COMMONWEALTH vs. JOSE A. VANDERLINDE.Annotate this Case
COMMONWEALTH vs. JOSE A. VANDERLINDE.
27 Mass. App. Ct. 1103
March 2, 1989
The case was submitted on briefs.
Ronald Ian Segal for the defendant.
Newman Flanagan, District Attorney, Deborah E. Breen & Carmel Motherway, Assistant District Attorneys, for the Commonwealth.
The defendant appeals from his conviction of possession of cocaine with intent to distribute. See G. L. c. 94C, Section 32A. The sole issue raised is the correctness of a ruling denying a motion to suppress the cocaine as the product of an unlawful search.
The judge made findings which were warranted by the evidence. Two police officers, stopped for a red light at a junction with the McLellan Highway in East Boston, observed a purple Pontiac Trans Am traveling on the highway at a high rate of speed. The officers turned on flashing lights and siren and pursued the vehicle over a course of three to four miles, clocking its speed at seventy-five miles per hour as it wove in and out of traffic. (The posted limits over the course of the pursuit ranged from thirty-five to fifty.) When the vehicle stopped, the officers approached on foot. Three men were in the car. They appeared uneasy. The passenger in the rear seat shifted his position. The police, apprehensive, asked the driver (Vanderlinde) for his license and registration. Vanderlinde said something in Spanish to the front seat passenger (Lopez). Lopez responded. The officers did not understand what was said. Vanderlinde produced a license from his wallet, then a registration (the officers could not see where it came from). The documents seemed to be in order. The officer on the passenger side saw Lopez reach into the well between the driver's and front passenger's seats. He yelled to the other officer to "be careful" or "watch out." Both
officers stepped back and drew their guns. They ordered the occupants to keep their hands in front of them and to step out of the vehicle. As one officer guarded the three occupants, the other reached into the well area and found an open brown bag with a clear plastic bag of cocaine inside.
The officers informed the occupants that they were under arrest and searched them. Lopez and Vanderlinde had substantial sums of cash. One officer took the keys from the ignition and opened the trunk. Inside was a closed paper bag which contained a clear plastic bag, also of cocaine.

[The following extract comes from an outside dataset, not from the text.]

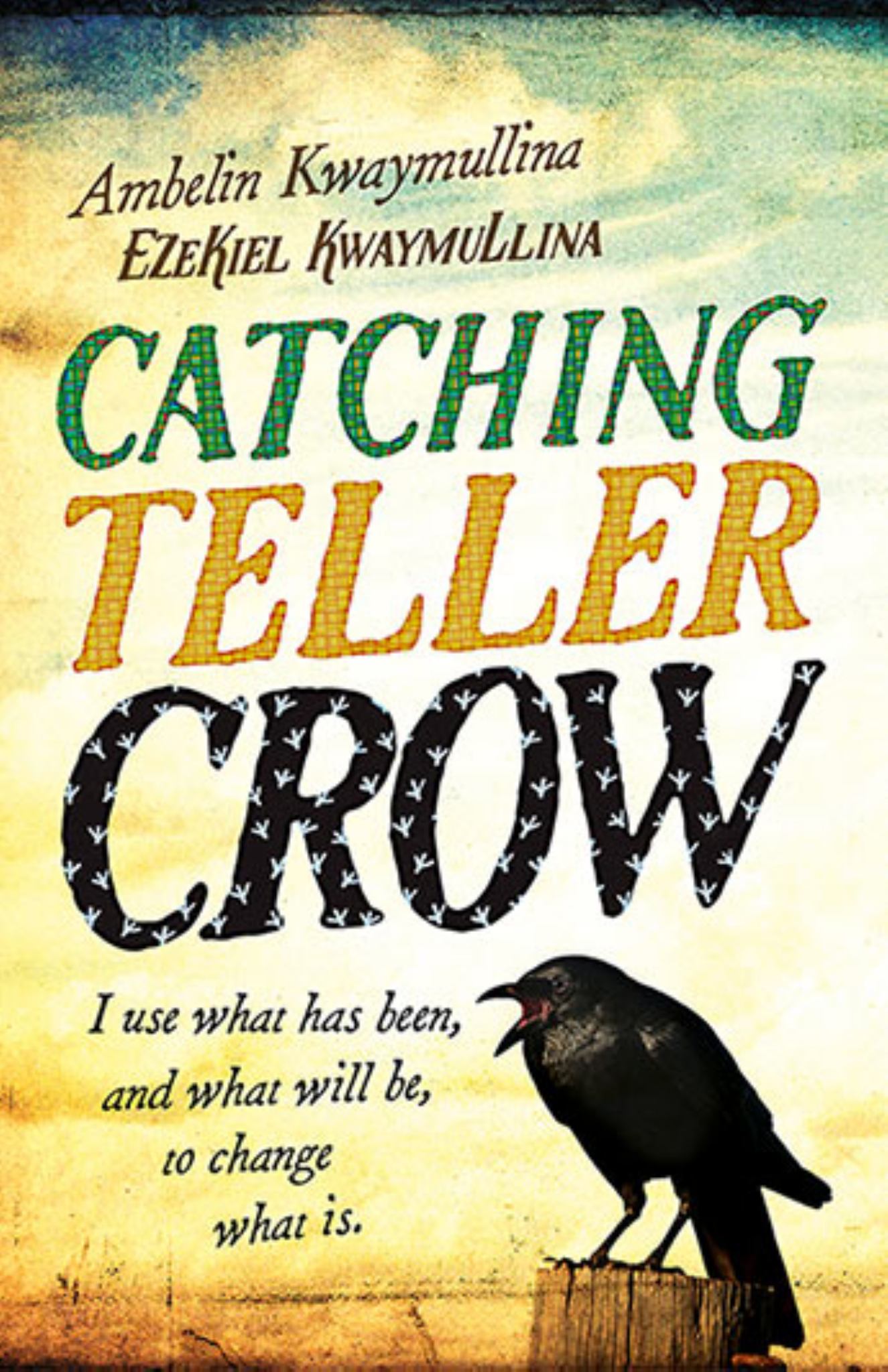 Catching Teller Crow Cover Image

In his argument the defendant focuses exclusively (as do we) on the events leading to the discovery of the first bag of cocaine. The traffic violations justified the pursuit and the stop. Commonwealth v. Hawkes, 362 Mass. 786 , 788 (1973). Commonwealth v. Bacon, 381 Mass. 642 , 644 (1980). This was not a routine traffic violation where reason for inquiry normally terminates with the production of a valid license and registration. See Commonwealth v. King, 389 Mass. 233 , 244 (1983), and cases cited in n.15. Here the circumstances of the chase gave the police officers objective reason to be concerned for their safety. The officers were justified in fearing that Lopez's purpose in reaching into the well might be to obtain a gun. Ordering the occupants to leave the car with hands exposed, and then looking into the well area to see if it contained a gun, fell well within the principles explicated in Commonwealth v. Silva, 366 Mass. 402 , 408-409 (1974), and Commonwealth v. Almeida, 373 Mass. 266 , 272 (1977).
The defendant was not convicted of trafficking in cocaine, G. L. c. 94C, Section 32E, the punishment for which turns on the precise quantities found. Perhaps for that reason, the defendant does not contest the validity of the trunk search and the admissibility of the additional cocaine that it produced.